Start of Given entries

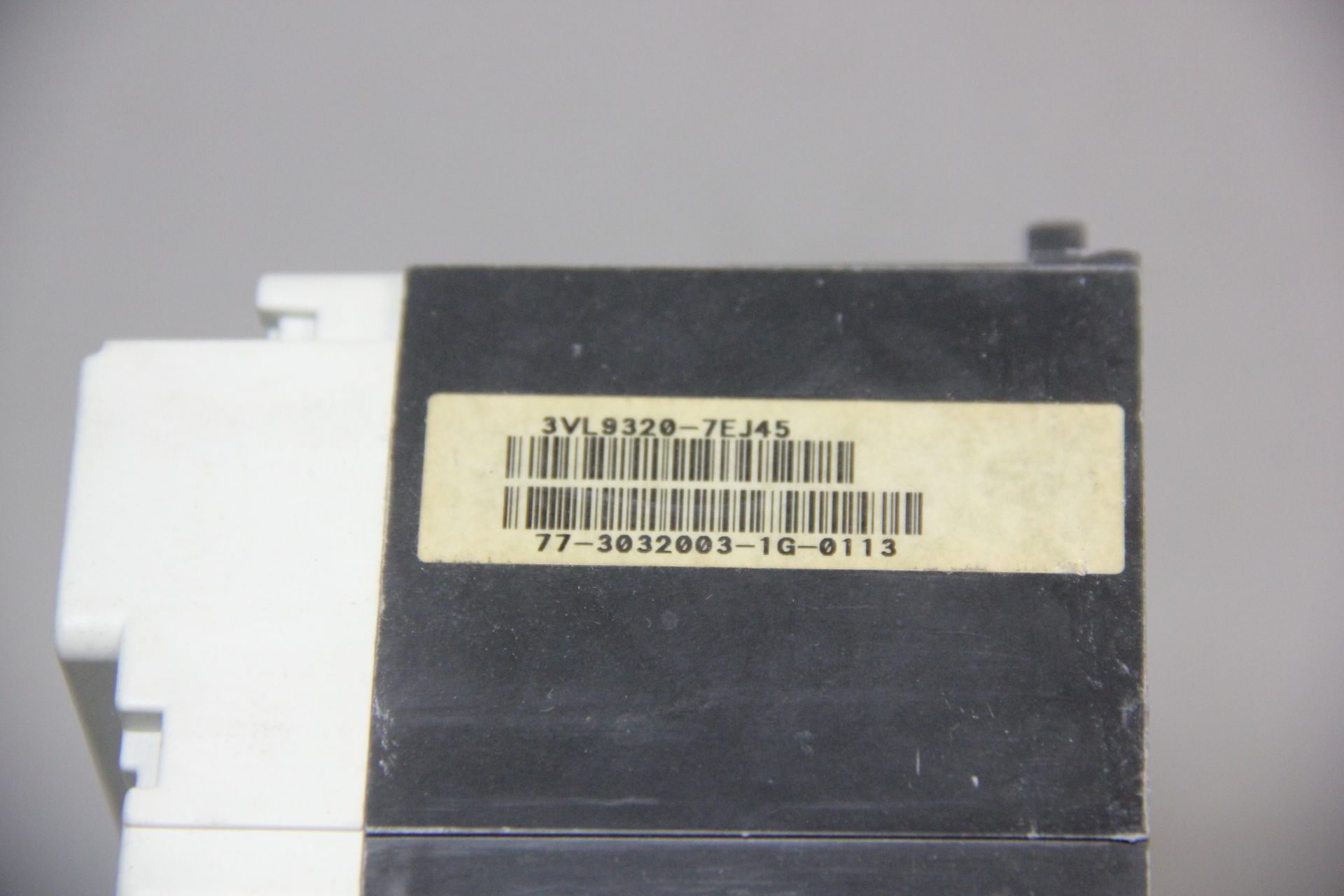 SIEMENS 200A CIRCUIT BREAKER OVERCURRENT RELEASE UNIT - Image 4 of 4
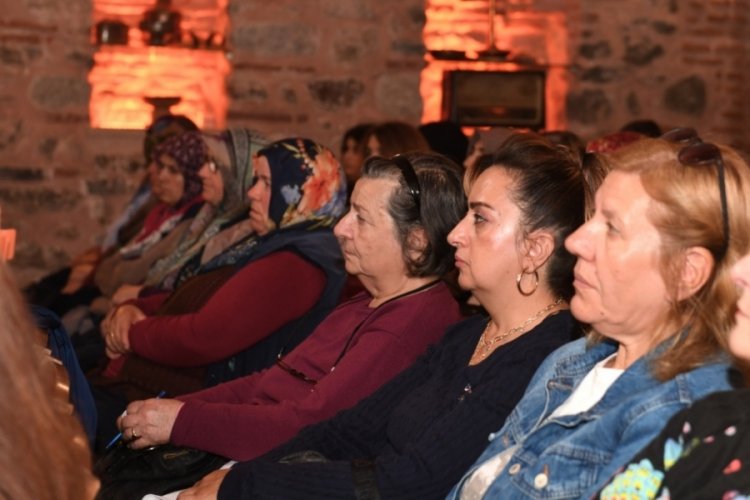 Bursa Osmangazi Belediyesi'nden meme kanseri farkındalığı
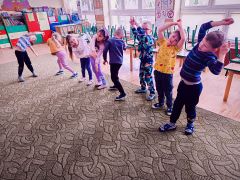 ilustracja do wpisu 
BOF - „Gazeciuchowe zabawy” – z wykorzystaniem metody R. Labana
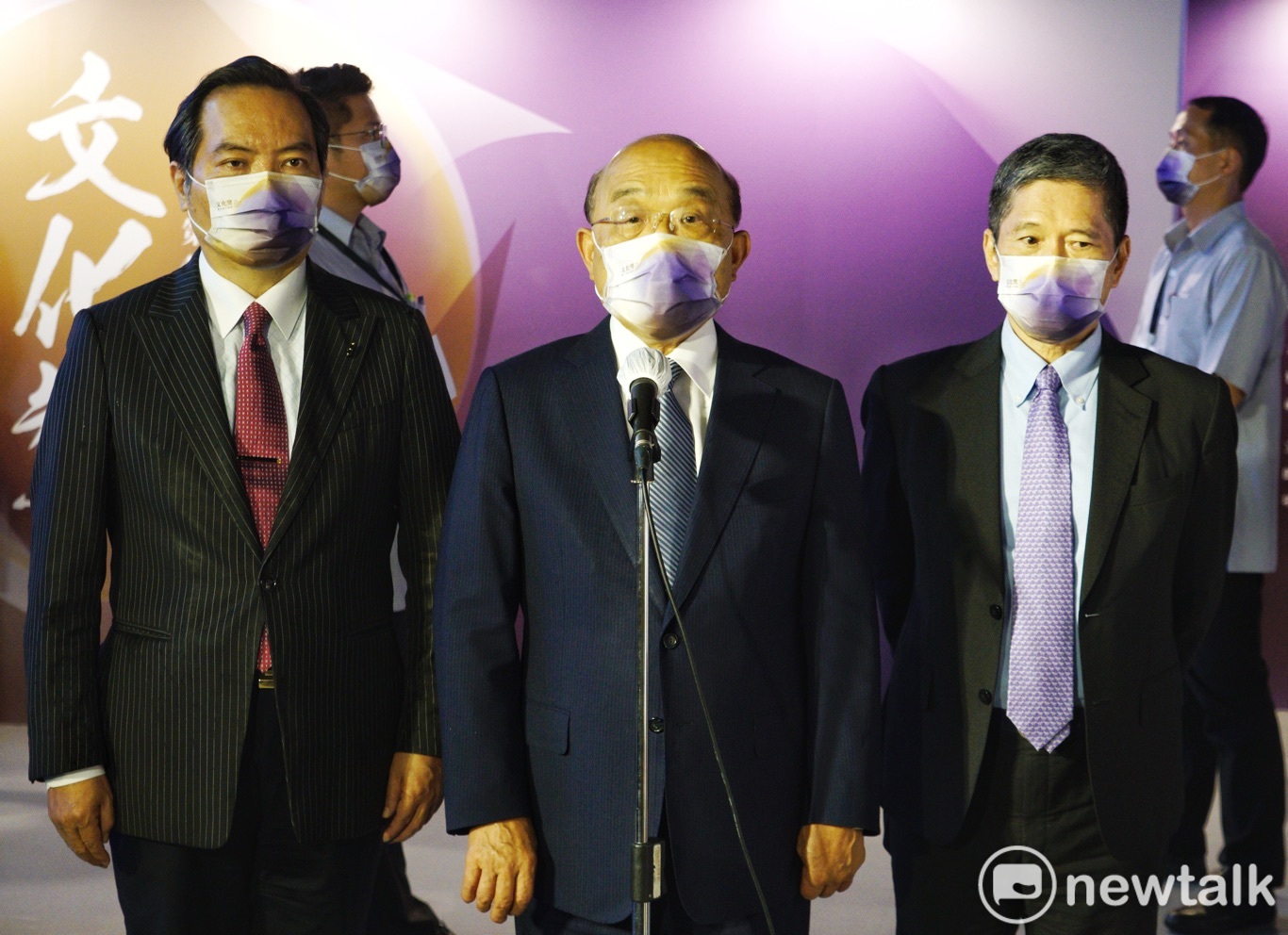 行政院長蘇貞昌今(12)天出席第41屆行政院文化獎頒獎典禮前受訪。 圖:張良一/攝 行政院長蘇貞昌今(12)天出席第41屆行政院文化獎頒獎典禮前受訪。 圖:張良一/攝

End of Given entries

• **Work order**: Once the pictures are set aside, repeat the remaining data word for word.

• **Worked solution**:
 SIEMENS 200A CIRCUIT BREAKER OVERCURRENT RELEASE UNIT - Image 4 of 4
 Bursa Osmangazi Belediyesi'nden meme kanseri farkındalığı
 ilustracja do wpisu 
BOF - „Gazeciuchowe zabawy” – z wykorzystaniem metody R. Labana
 行政院長蘇貞昌今(12)天出席第41屆行政院文化獎頒獎典禮前受訪。 圖:張良一/攝 行政院長蘇貞昌今(12)天出席第41屆行政院文化獎頒獎典禮前受訪。 圖:張良一/攝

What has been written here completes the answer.